South Africa: Civilizations in Conflict, Jim Hoagland, George Allen & Unwin Ltd., 1973
“Charlie Chaplin. He is of an agreeable exterior. He has a neat figure, admirably proportioned; his hands and feet are well shaped and small. His features are good, the nose rather large, the mouth expressive and the eyes fine. His dark hair, touched with white, is waving and abundant. His movements are singularly graceful. He is shy. His speech has in it still a hint of the Cockney of his early youth. His spirits are ebullient. In a company in which he feels himself at ease he will play the fool with a delightful abandon. His invention is fertile, his vivacity unfailing, and he has a pleasant gift of mimicry: without knowing a word of French or Spanish he will imitate persons speaking in one or the other of those languages with a humorous accuracy which is wildly diverting. He will extemporize dialogues between a couple of women in the Lambeth slums which are at once grotesque and moving. Like all humour they depend on a close observation and their realism with all its implications, is tragic; for they suggest too near an acquaintance with poverty and squalor…
… His fun is simple and sweet and spontaneous. And yet all the time you have a feeling that at the back of it all is a profound melancholy.

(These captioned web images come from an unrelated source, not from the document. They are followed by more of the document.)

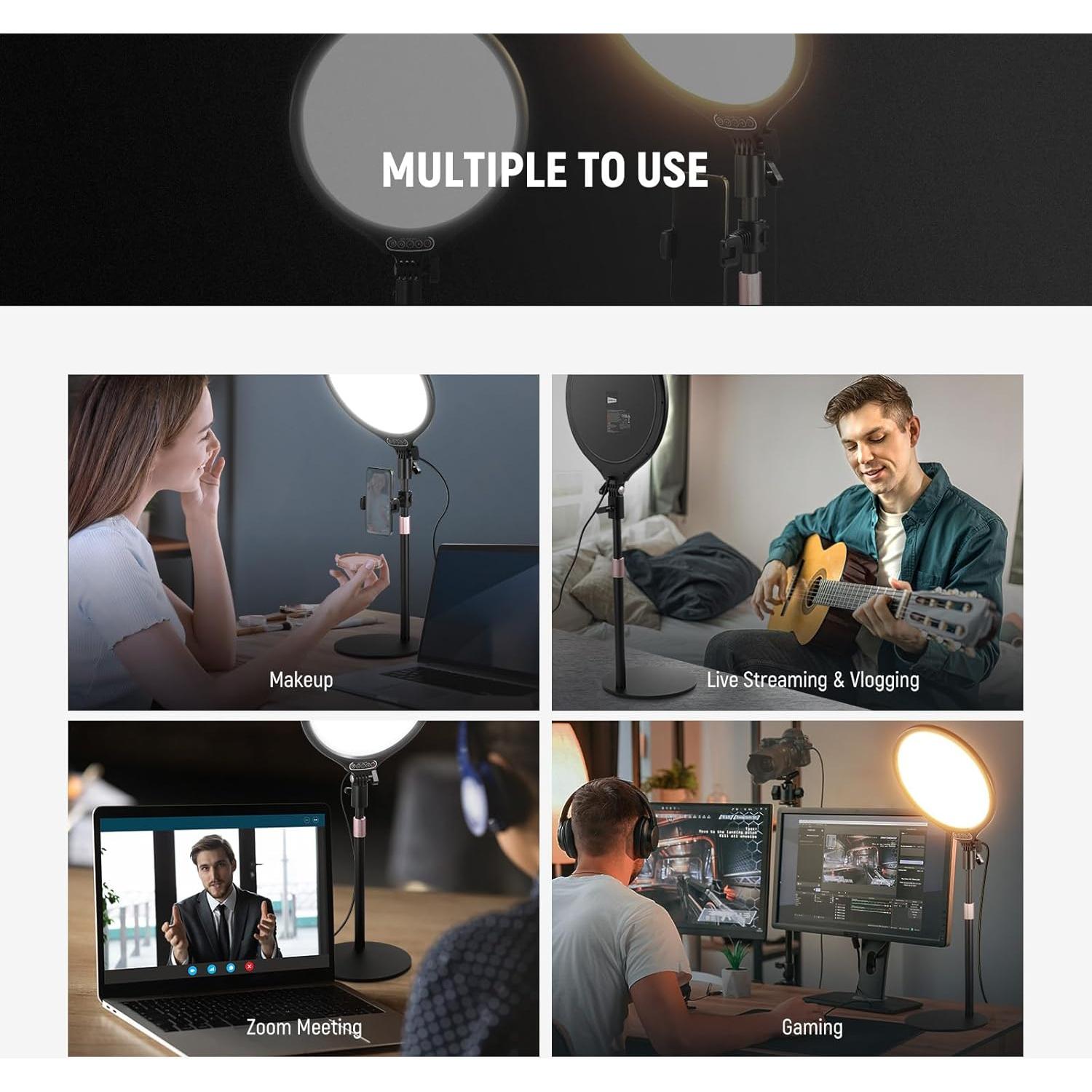 Luz de Anillo LED NEEWER R10 15W 3000-6500K con Soporte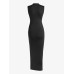 Plunging Neckline Slit Ruched Vegas Dress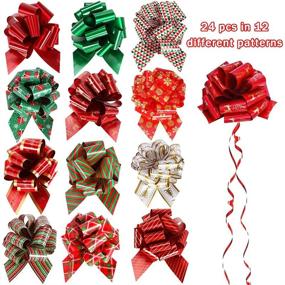 img 3 attached to 🎁 G.C 24 Pcs Christmas Bows: Exquisite Ribbon Decorations for Gift Wrapping & Christmas Pull Bows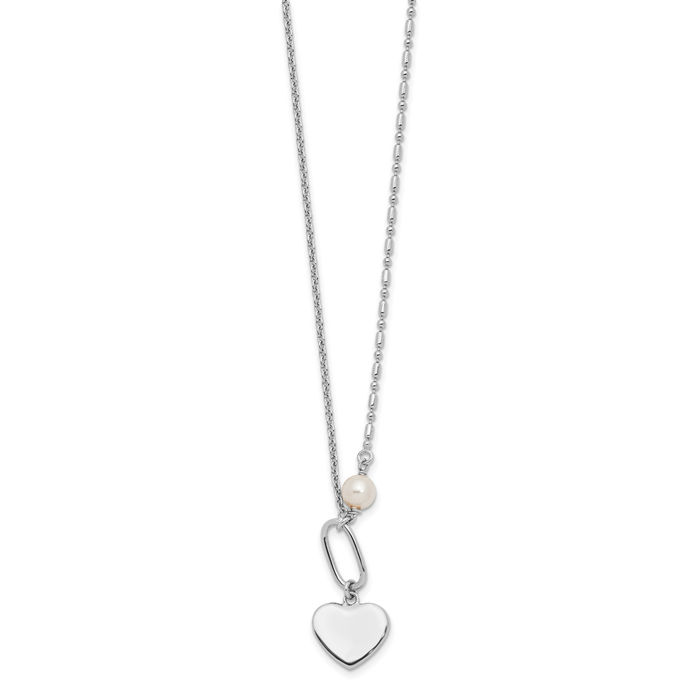 925 Sterling Silver Glass Pearl/heart Necklace Chain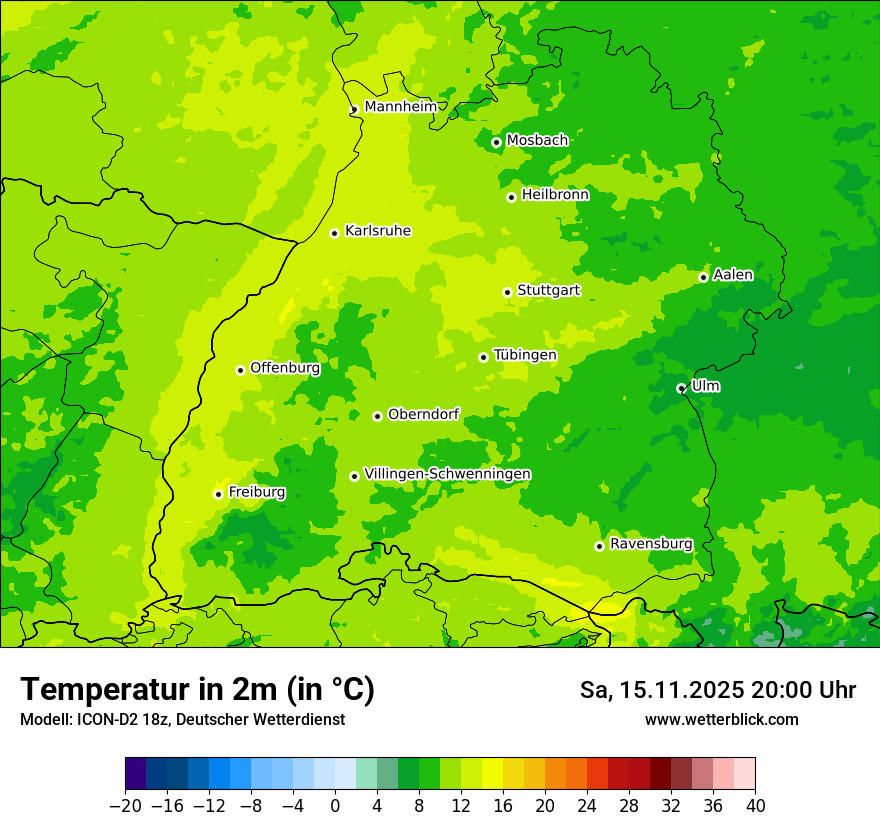 Modellkarten Temperatur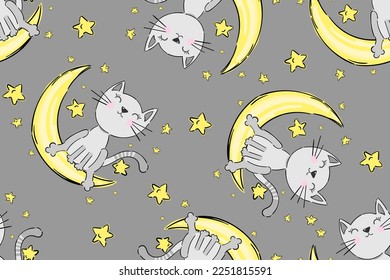 Cat seamless pattern with cute character. Funny animal dream cats with stars, moon. Cartoon drawing for baby, kids, and children fashion textile print.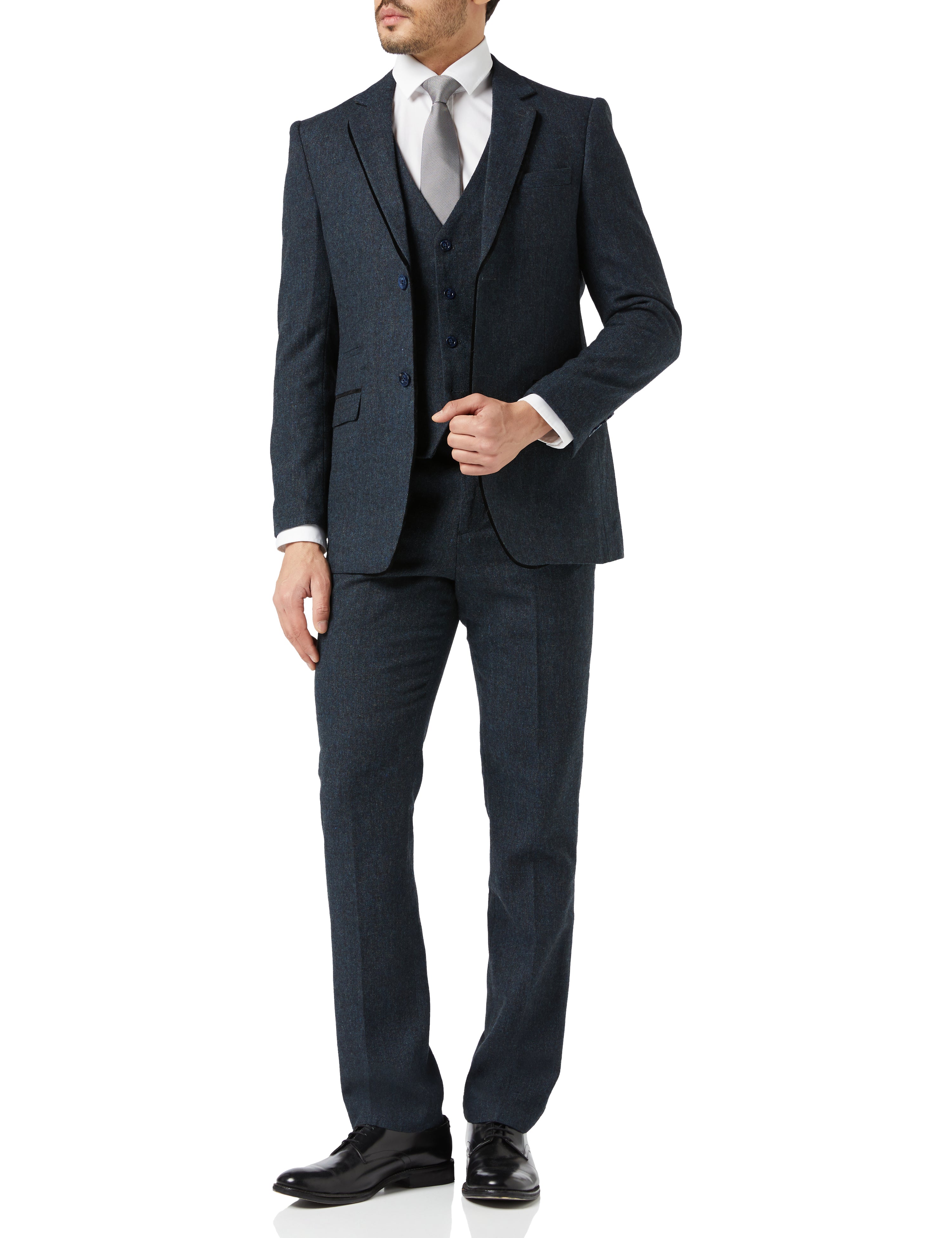 BLUE TWEED TAILORED FIT JACKET & WAISTCOAT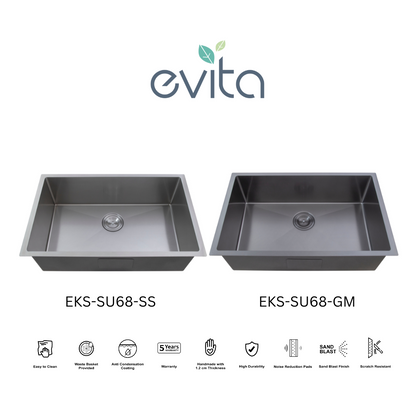 EVITA EKS-SU68-SS/EKS-SU68-GM SUS316 SINGLE BOWL MARINE GRADE KITCHEN SINK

He is a creature of moods and it dos not require his facetious assertion: ‘Gee I had such a fit of the blues last night I didn’t hardly know what to do with myself’ to warn you that his humour is lined with sadness. He does not give you the impression of a happy man. I have a notion that he suffers from a nostalgia of the slums. The celebrity he enjoys, his wealth, imprison him in a way of life which he finds only constraint. I think he looks back to the freedom of his struggling youth, with its poverty and bitter privation, with a longing which knows it can never be satisfied…
…One night I walked with him in Los Angeles and presently our steps took us into the poorest quarter of the city. There were sordid tenement houses and shabby, gaudy shops in which are sold the various goods that the poor buy from day to day. His face lit up and a buoyant tone came into his voice and he exclaimed: ‘Say, this is the real life, isn’t it? All the rest is just sham.'”
W. Somerset Maugham, A Writer’s Notebook , Penguin Books, 1949.